To be honest, I think the special name-dropped the X-Men because it's generally seen as a more serious use of mutants than the Teenage Mutant Ninja Turtles, which has always been more cartoonish and tongue-in-cheek, but who's mutant characters are overwhelmingly bipedal animals or some kind of hybrid. It's quite possible over time, oral tradition and the like would conflate the two franchises, and "mutant" would almost exclusively refer to the American equivalent to Satyrs and Centaurs, which I don't think ever had an umbrella term in various ancient mythologies. I think people might use the term "monster", but monster itself would be an umbrella term which would cover undead beings like zombies and vampires, or ostensibly less sapient beings like the Jersey Devil or Sea Serpents.

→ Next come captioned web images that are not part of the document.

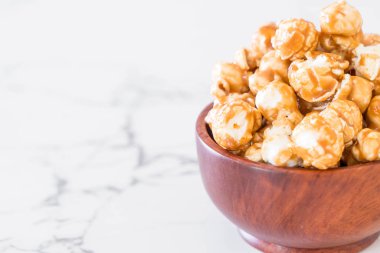 Patlamış Mısır ile karamel kase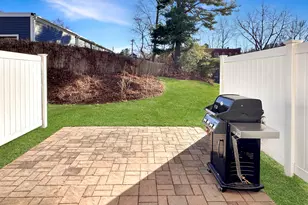 37 Hubbard Run Dr, Glastonbury, CT 06033 - Photo 29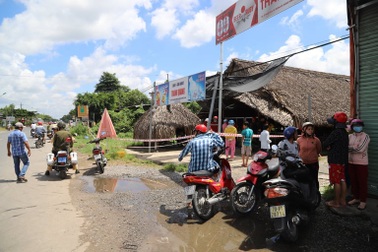 Đôi nam nữ tử vong bất thường trong quán cà phê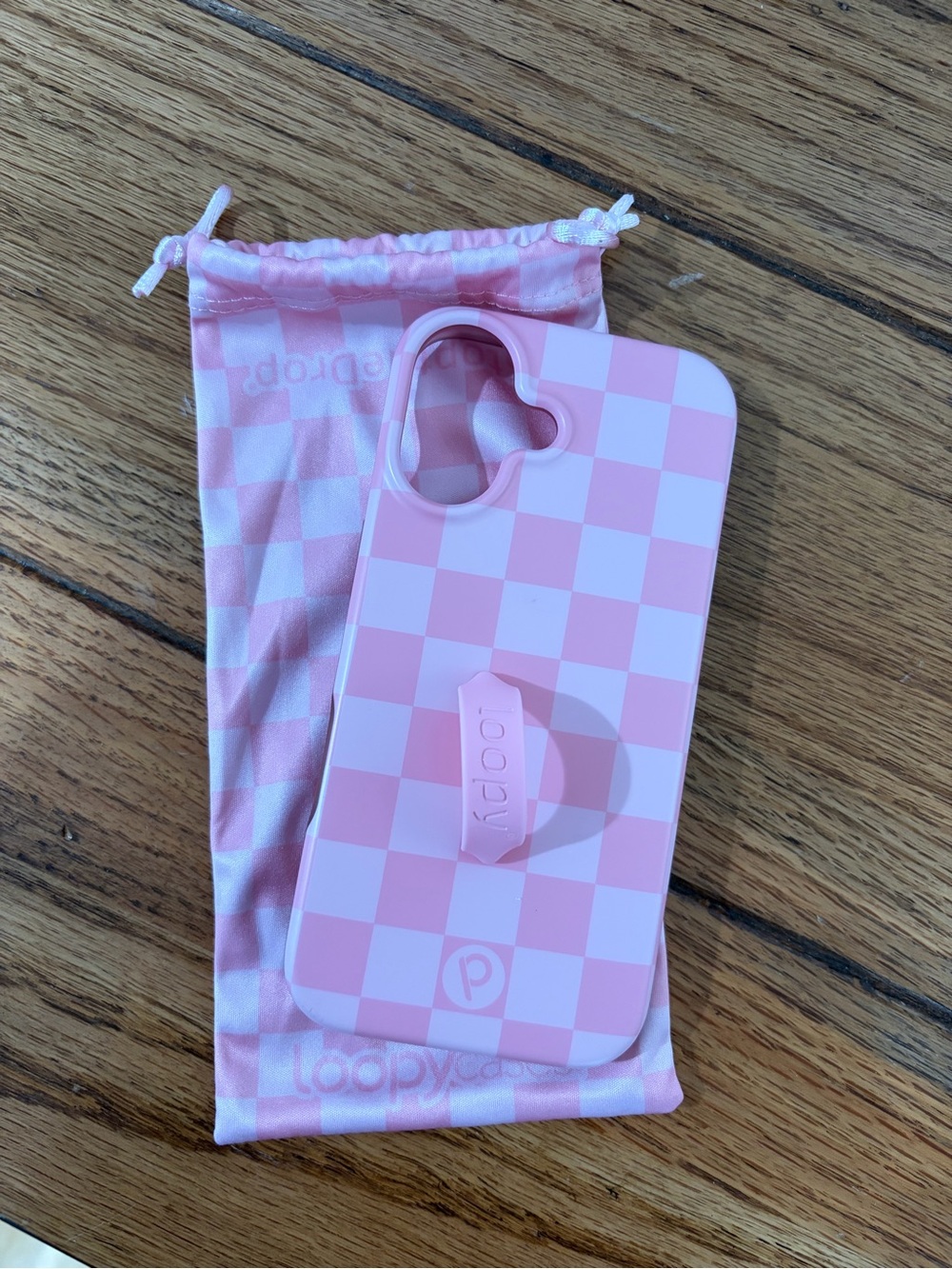 Loopy iPhone 17 case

It does raise questions about how beings like the Mothman and Bigfoot, which are more naturalistic, and more overtly supernatural, respectively, fit into the taxonomy. Then again, formal classifications with folklore are a relatively recent practice. In any case, the word "Mutant"used to apply to mythological beings would be in line with a Medieval America where more contemporary, clinical terms like "President" or "District" are used for fiefdoms.

Saturday, August 1, 2020

Runs On Dunkin

Coffee is not grown in North America, and thus is something of a luxury. The Northeast of America was historically coffee crazy, especially on the drive to work. Cafes aren't really a thing anymore, and for that matter, neither are commutes. But during the collapse of America, coffee was hard for a lot of people to give up, and it is nice to have hot drinks in the winter months.

Root coffees: Chicoree root is the closest people came to approximating the taste of coffee, and dandelion is not too far off. They tend to be gathered like wildflowers, which makes them inexpensive but not always the most reliable.

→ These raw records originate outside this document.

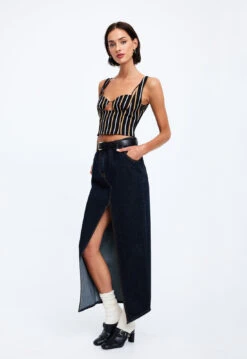 ODETTE TOP - ONYX STRIPE -Tops To Bottoms Sales 19 12 22 LIONESS eCOMM FEB FEB 1066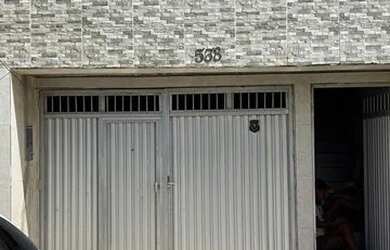 Imagem: A casa possui 2 Dormitórios, 2 Banheiros, 1 Vaga na garagem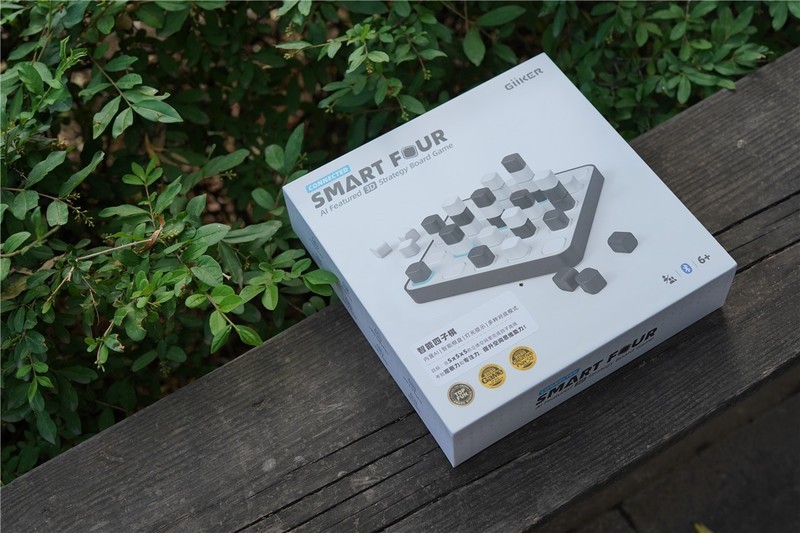 计客智能空间四子棋多维度的互动对战乐趣多多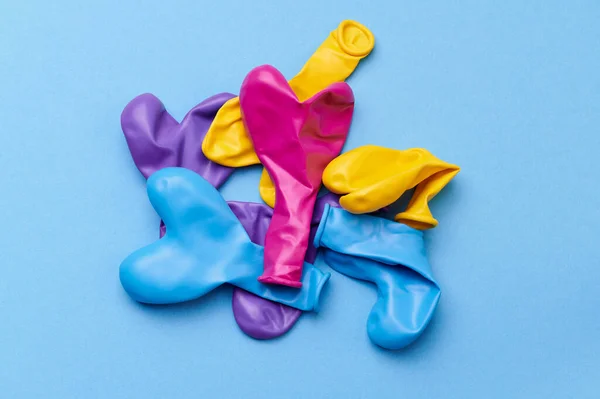 Kilka Balonów Kształcie Serca Leżą Środku Niebieskim Tle — Zdjęcie stockowe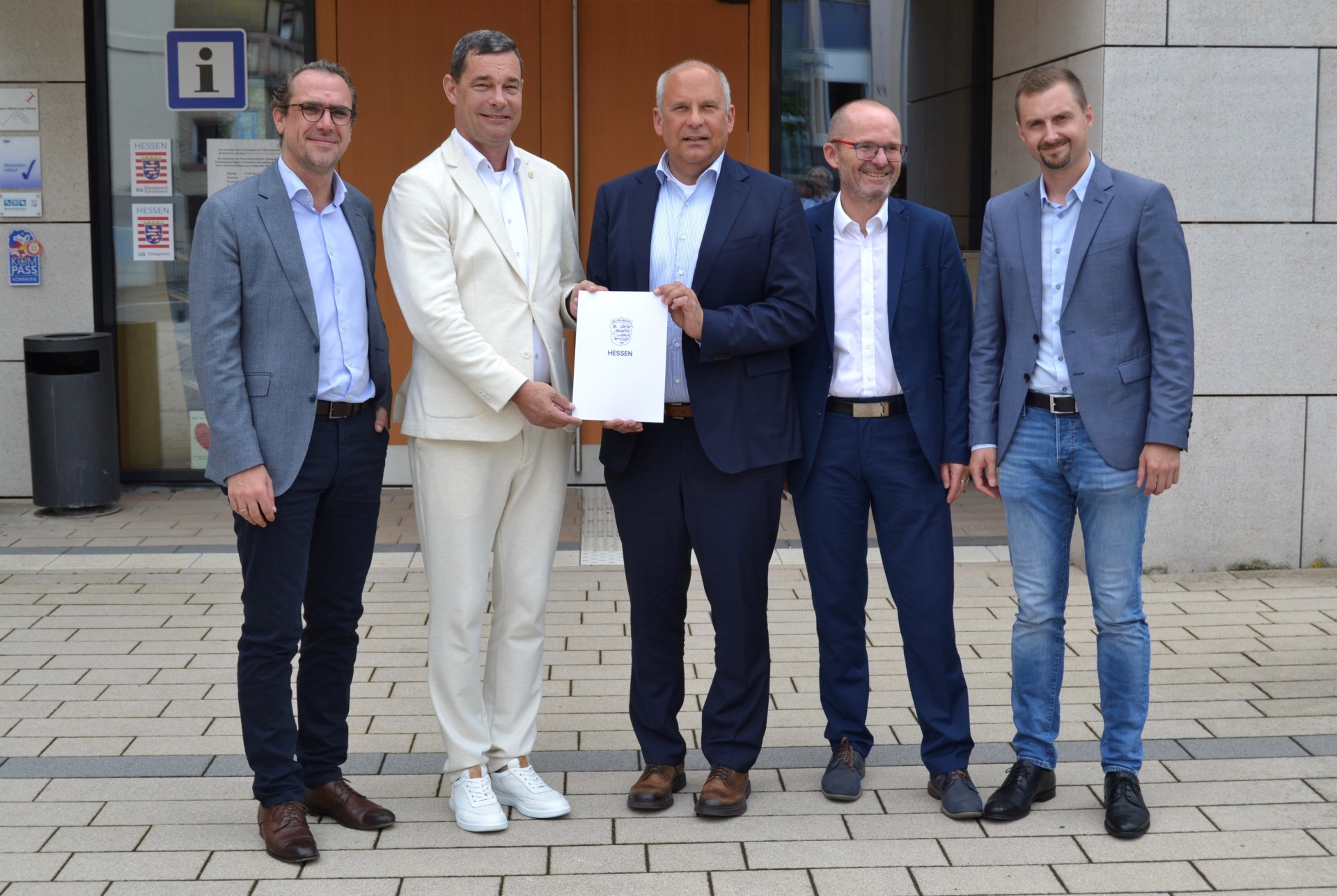 Innenminister Roman Poseck übergibt IKZ-Bescheid für mehr Sicherheit bei Veranstaltungen in Neu-Anspach, Usingen und Grävenwiesbach Innenminister Roman Poseck übergibt IKZ-Bescheid für mehr Sicherheit bei Veranstaltungen in Neu-Anspach, Usingen und Grävenwiesbach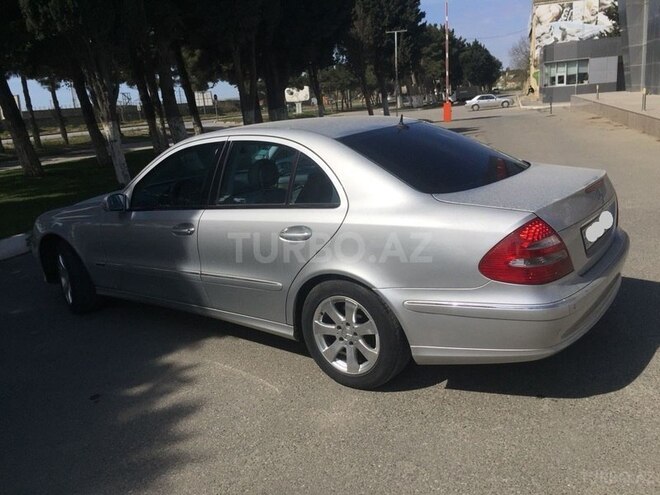 Mercedes E 240 2002, 246,000 km - 2.6 l - Bakı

Grain coffees: Grinding and watering wheat, oat or barley is not an unpopular choice for breakfasts, but the most common source are grains that are "on their way out" so it doesn't have the best reputation. Almost the Instant Coffee of the equation.

Cider: In New England, much as apple cider is usually the alcoholic beverage of choice, it's climbed in popularity here. The transition was not easy--many coffee aficionados were very put out and avoided out of principle, but the booming cider industry has come to mean it is the constant companion to donuts.